After an hour, certain that he had taken the wrong roads, Tietjen began to approach houses, hoping to ask directions. There had been no one on the road since Corliss’s car had vanished from sight, and his fear had ebbed a little. The idea of reaching Manhattan seemed exhausting but possible; less absurdly quixotic than it had been that morning. But the first house he stopped at had been broken into: smears of blood on the door turned him back to brood as he continued on the road. There were others like that house, shutters askew, doors ajar. Tietjen avoided them. Other houses stood like fortresses on quarter-acre lots; he avoided them, too, after a round of shots was fired at him from an upper-story window. From behind a tree he had howled furiously: “I only want directions! Am I on the right road for Manhattan?”
The answer was another shot.
So he kept walking, trying to judge southwest by the sun, watching out for dangers one-eyed, preoccupied with thoughts.

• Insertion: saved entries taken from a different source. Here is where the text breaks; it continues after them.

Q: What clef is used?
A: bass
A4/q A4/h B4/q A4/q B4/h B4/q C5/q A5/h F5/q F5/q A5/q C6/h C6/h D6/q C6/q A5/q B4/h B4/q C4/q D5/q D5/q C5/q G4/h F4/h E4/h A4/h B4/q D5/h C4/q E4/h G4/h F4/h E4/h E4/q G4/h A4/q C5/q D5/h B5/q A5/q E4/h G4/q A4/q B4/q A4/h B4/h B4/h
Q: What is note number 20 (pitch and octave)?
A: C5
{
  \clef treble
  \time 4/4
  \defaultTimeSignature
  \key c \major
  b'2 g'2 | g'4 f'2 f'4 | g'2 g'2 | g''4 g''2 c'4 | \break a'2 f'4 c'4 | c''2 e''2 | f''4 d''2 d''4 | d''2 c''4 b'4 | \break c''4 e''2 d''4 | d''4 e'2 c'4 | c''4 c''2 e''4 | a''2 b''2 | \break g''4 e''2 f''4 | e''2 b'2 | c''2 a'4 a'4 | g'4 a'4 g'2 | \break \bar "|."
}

If Reen could see this: the world she had believed in, where everyone was a killer. What if Corliss was right and they were all dead? Irene would never have had the skills to save them or herself, and Tietjen couldn’t imagine her trusting someone to help her. What if they’re all dead, he thought again. And kept on walking doggedly along the narrow tree-lined road.
He was brought out of reverie by sound. It might have been the ocean, but the ocean was twenty-odd miles away. He listened, trying to make sense of the sound, until he realized that the deep, rumbling rhythm was made up of voices. The voices were angry, maddened, a sound of tidal wave. With little idea how far away the crowd was, Tietjen darted off the road and into a culvert, rolled down to a huge drainage pipe and crawled in, waiting and listening.

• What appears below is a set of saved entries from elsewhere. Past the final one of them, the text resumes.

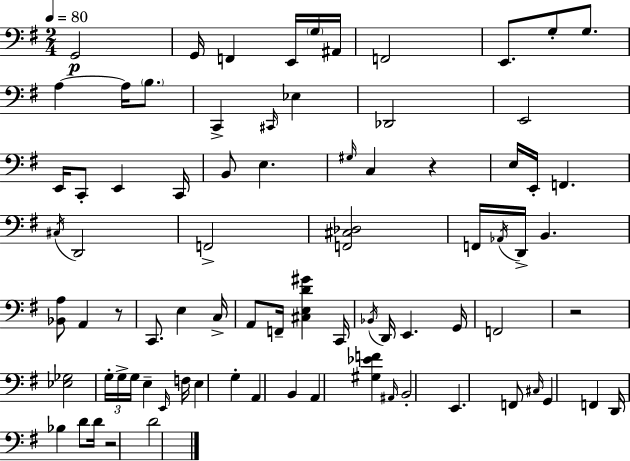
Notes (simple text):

G2/h G2/s F2/q E2/s G3/s A#2/s F2/h E2/e. G3/e G3/e. A3/q A3/s B3/e. C2/q C#2/s Eb3/q Db2/h E2/h E2/s C2/e E2/q C2/s B2/e E3/q. G#3/s C3/q R/q E3/s E2/s F2/q. C#3/s D2/h F2/h [F2,C#3,Db3]/h F2/s Ab2/s D2/s B2/q. [Bb2,A3]/e A2/q R/e C2/e. E3/q C3/s A2/e F2/s [C#3,E3,D4,G#4]/q C2/s Bb2/s D2/s E2/q. G2/s F2/h R/h [Eb3,Gb3]/h G3/s G3/s G3/s E3/q E2/s F3/s E3/q G3/q A2/q B2/q A2/q [G#3,Eb4,F4]/q A#2/s B2/h E2/q. F2/e C#3/s G2/q F2/q D2/s Bb3/q D4/e D4/s R/h D4/h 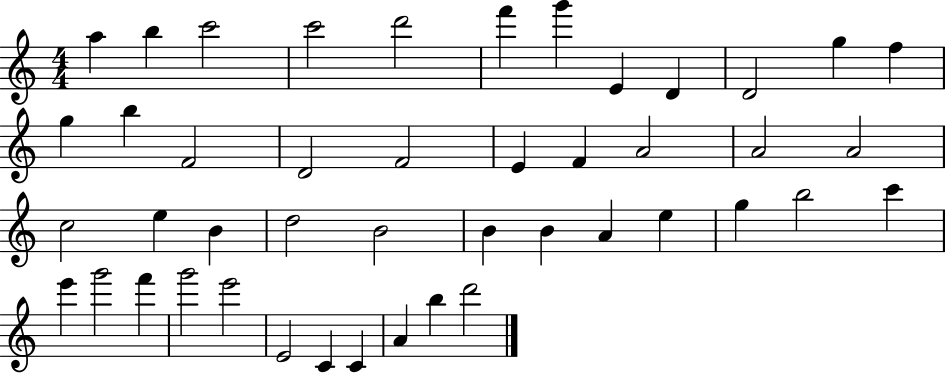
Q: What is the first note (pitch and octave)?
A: A5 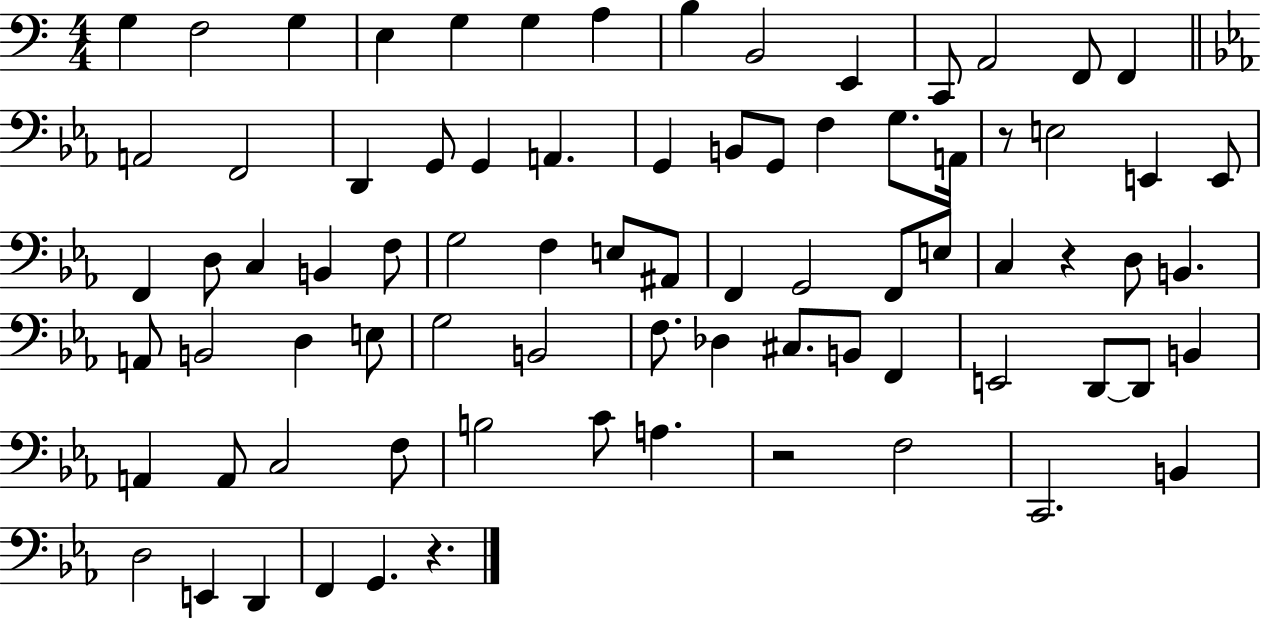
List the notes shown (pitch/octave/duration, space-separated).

G3/q F3/h G3/q E3/q G3/q G3/q A3/q B3/q B2/h E2/q C2/e A2/h F2/e F2/q A2/h F2/h D2/q G2/e G2/q A2/q. G2/q B2/e G2/e F3/q G3/e. A2/s R/e E3/h E2/q E2/e F2/q D3/e C3/q B2/q F3/e G3/h F3/q E3/e A#2/e F2/q G2/h F2/e E3/e C3/q R/q D3/e B2/q. A2/e B2/h D3/q E3/e G3/h B2/h F3/e. Db3/q C#3/e. B2/e F2/q E2/h D2/e D2/e B2/q A2/q A2/e C3/h F3/e B3/h C4/e A3/q. R/h F3/h C2/h. B2/q D3/h E2/q D2/q F2/q G2/q. R/q. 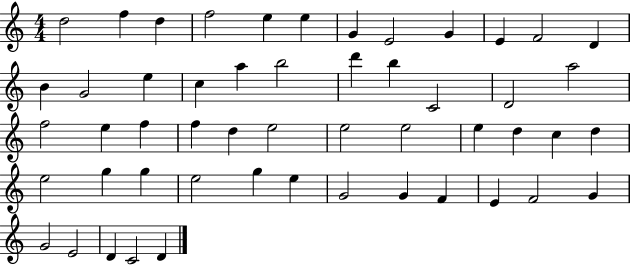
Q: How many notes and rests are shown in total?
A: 52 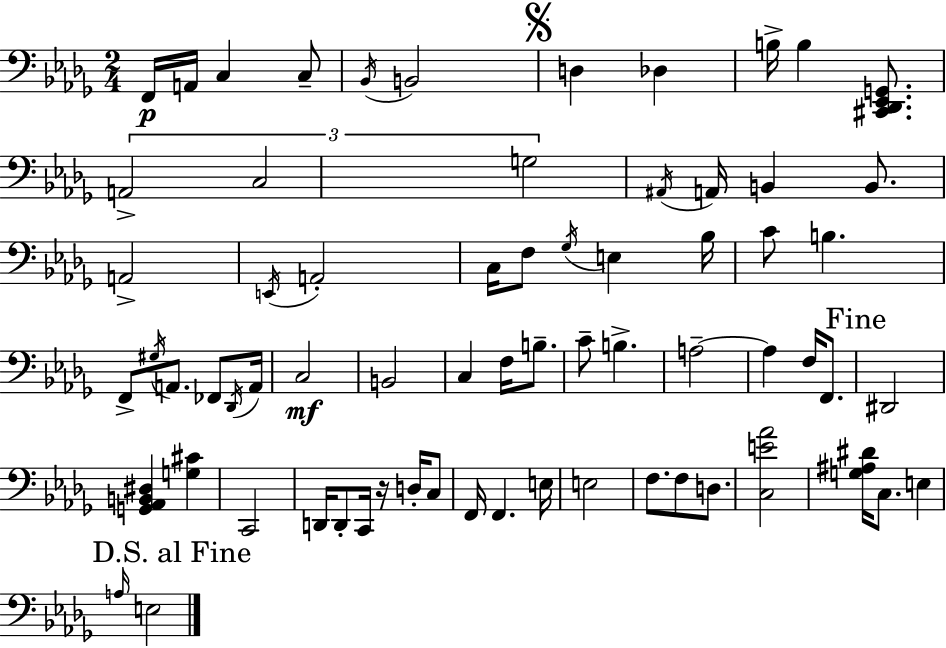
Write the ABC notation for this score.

X:1
T:Untitled
M:2/4
L:1/4
K:Bbm
F,,/4 A,,/4 C, C,/2 _B,,/4 B,,2 D, _D, B,/4 B, [^C,,_D,,_E,,G,,]/2 A,,2 C,2 G,2 ^A,,/4 A,,/4 B,, B,,/2 A,,2 E,,/4 A,,2 C,/4 F,/2 _G,/4 E, _B,/4 C/2 B, F,,/2 ^G,/4 A,,/2 _F,,/2 _D,,/4 A,,/4 C,2 B,,2 C, F,/4 B,/2 C/2 B, A,2 A, F,/4 F,,/2 ^D,,2 [G,,_A,,B,,^D,] [G,^C] C,,2 D,,/4 D,,/2 C,,/4 z/4 D,/4 C,/2 F,,/4 F,, E,/4 E,2 F,/2 F,/2 D,/2 [C,E_A]2 [G,^A,^D]/4 C,/2 E, A,/4 E,2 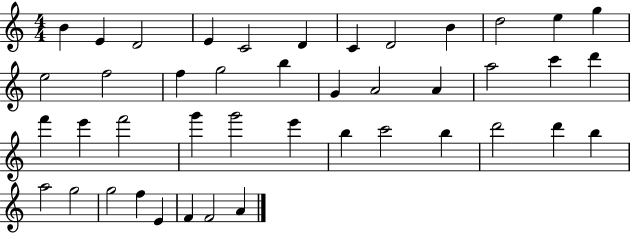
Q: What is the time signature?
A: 4/4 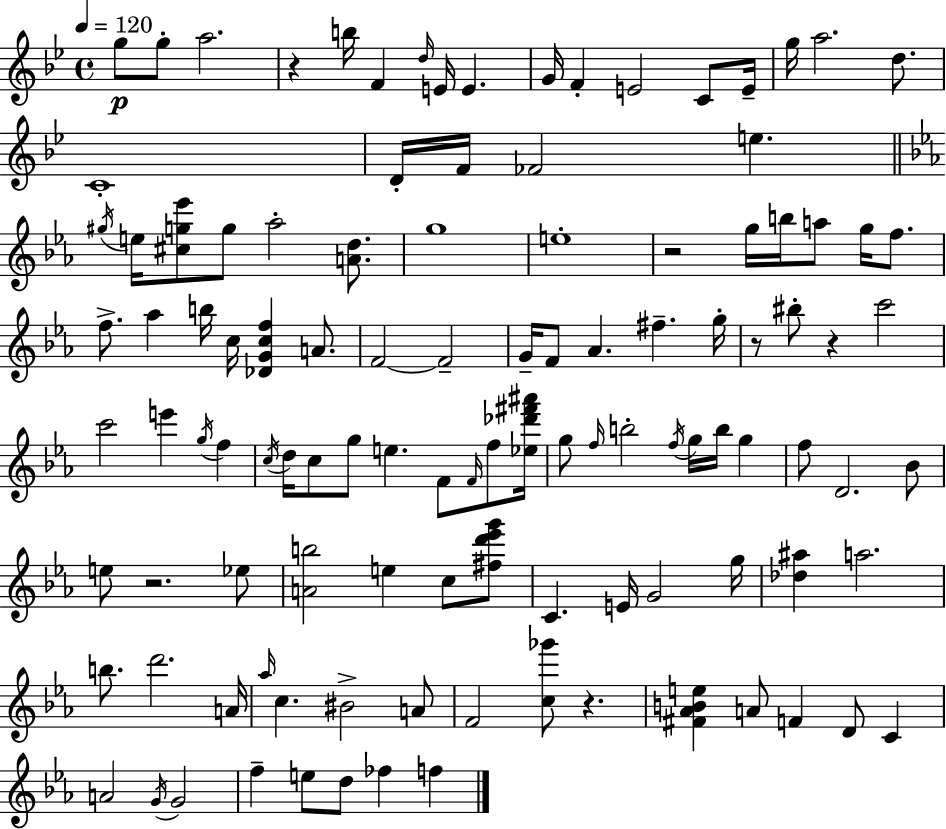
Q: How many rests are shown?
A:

Like a wave, the sound rolled ahead over the road. It took forever—perhaps a quarter of an hour—before the first walkers from that surge of voices passed overhead. These were different from the refugees he had seen in Co
nnecticut the day before: they were not in shock. The voices he heard, and the steps and the threats, belonged to the jungle: furious and vicious. Twice he heard fights break out, settled by blows that sent one dark form tumbling from the side of the road into the culvert. Listening, Tietjen understood the cars burning, the shots fired from shuttered houses. He pulled himself tighter into the drainpipe and tried to breathe as softly as possible.
The crowd passed and passed and thinned and filled again. He was cold and damp and cramped in the pipe, watching the shadows change and lengthen. Tietjen realized hollowly that he might not reach Manhattan tonight. Might not reach it at all. The feet fell and the voices rumbled overhead. Then the dark pile of clothes that had been tossed heavily over the side of the road began to move and Tietjen drew himself into an even tighter ball, watching the form resolve into a boy, a street kid in dusky green leathers, dark skin powdered with gray dirt.
“Ey. Ma’. Help me.”
Tietjen squeezed farther into the pipe, hoping desperately that the kid had not realized that he was there, that the cry for help was to anyone. God, maybe.

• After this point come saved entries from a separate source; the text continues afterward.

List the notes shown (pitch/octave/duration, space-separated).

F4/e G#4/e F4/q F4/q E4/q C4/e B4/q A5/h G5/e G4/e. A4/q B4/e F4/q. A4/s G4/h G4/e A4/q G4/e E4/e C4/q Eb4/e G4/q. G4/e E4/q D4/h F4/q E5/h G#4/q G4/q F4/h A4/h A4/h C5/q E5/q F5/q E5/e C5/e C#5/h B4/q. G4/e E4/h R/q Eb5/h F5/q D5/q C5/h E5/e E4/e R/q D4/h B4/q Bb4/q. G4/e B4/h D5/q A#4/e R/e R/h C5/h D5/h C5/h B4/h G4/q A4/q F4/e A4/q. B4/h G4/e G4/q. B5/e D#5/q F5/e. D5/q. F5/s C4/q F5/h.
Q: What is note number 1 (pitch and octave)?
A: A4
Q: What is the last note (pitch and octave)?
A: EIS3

“Ey, I know you dere,” the voice wheezed. “You wan’ I call ’em down‘ere? Pull me in dere wit’ you, ma’.”
Tietjen weighed the risks and began to edge out to the boy. Getting him back toward the pipe was difficult, a scuttling, dragging movement. They accomplished the ten yards in silence, afraid that the voices would stop, that the crowd would hear them and descend and kill them both. Every inch was a victory; the boy had been slashed in the fight and was bruised and bloodied, one arm broken in his fall. Finally they were crammed, breathing each other’s breath, into the drainpipe.
“Thans, ma’.” The kid was shuddering with cold and shock. Tietjen tried to wriggle out of his topcoat and could not; the space was too small. In the end he managed to wrap the tail of the coat across the boy’s lap, hoping that would help a little. They were quiet a long time, listening to the ebb and flow of the mob overhead.